The Importance of Dating
Today on The Pragmatic Historian, we’re going to discuss dating advice.
Lest you think this has suddenly become a venue along the lines of Emily Post, Miss Manners or Tinder, let me put your mind at ease. Dating in the context of history is more mundane than building a relationship with a potential romantic partner but, I’d argue, no less important.
In my post History in Numbers, where I discuss the history found in financial statements, one of the key elements I touch upon in following financial transactions is the date on which they occurred. It’s how you know whether a particular slice of pizza you bought at your favorite convenience store is from Monday of last week or Thursday of this week. The date of purchase tells you when the final payment of a 20-year mortgage will be due or how long your washing machine’s warranty will last. (Within a month of the warranty expiring is when your washing machine will irreparably break down and you’ll have to replace it, guaranteed. 🙂 )

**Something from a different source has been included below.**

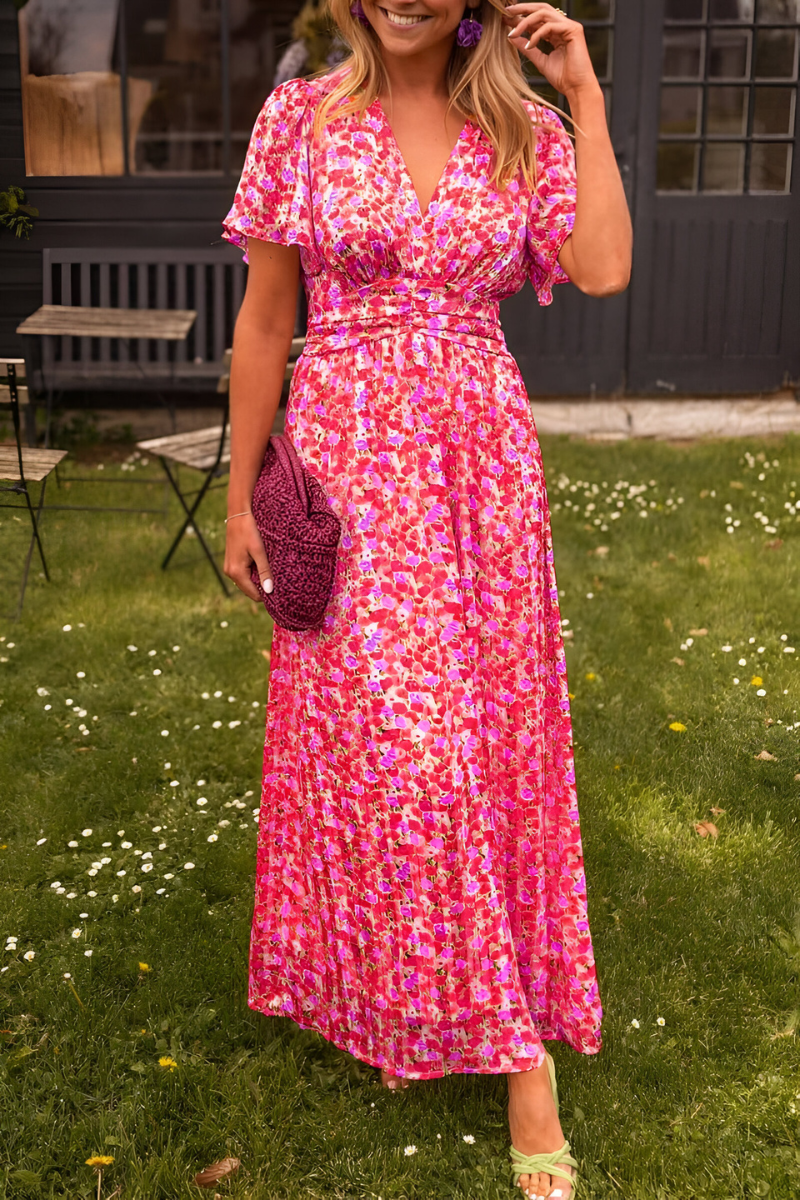 Women's Short Sleeve V-Neck Floral Print Smocked Waist Maxi Dress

Dating individual transactions is critical to creating financial statements (Profit & Loss, Balance Sheets, etc.), which show a conglomerate of financial transactions during a set period of time. If you don’t have the dates, you don’t have financial statements.
Dates Provide Context
But dates in history are not just crucial for financial documents. They provide context for everything else, too. Dating newspapers, books, ledgers, photos, maps, brochures, blog posts and tweets help us reconstruct history. The date a human being enters the world will affect numerous other events in her or his life.
When three-dimensional artifacts are offered to a museum for the collection, among the first questions asked of donors is, “When was this made or used?” Many three-dimensional items come without precise dates and if the donor doesn’t have this information, museum staff have to do our best to identify where a piece fits in the timeline of history. If we can’t figure this out, we use the term “circa” (shortened to “c.”) and provide a date range (c. 1890-1920) for the artifact.
Newspapers, because they deal in current events, are consistent daters. Maps and map makers, not so much. I can’t tell you how many maps I’ve run across without dates. It’s as though map makers assume the geography, geopolitical boundaries, and place names won’t ever change.
Engage in Regular Dating
Through my work at a museum, I have become obsessed with dating. Every document I create, I include the date. If I change a document, I update the date.
When making photocopies of historical resources for researchers, I write the date with the rest of the source citation on the copy, whether a researcher wants it or not. We have received too many news clippings without dates and I don’t want others to experience my frustration at finding copies of undated resources. It’s why I date every page of my journals and notebooks. What if a page gets ripped out?
For the love of history, please engage in regular dating.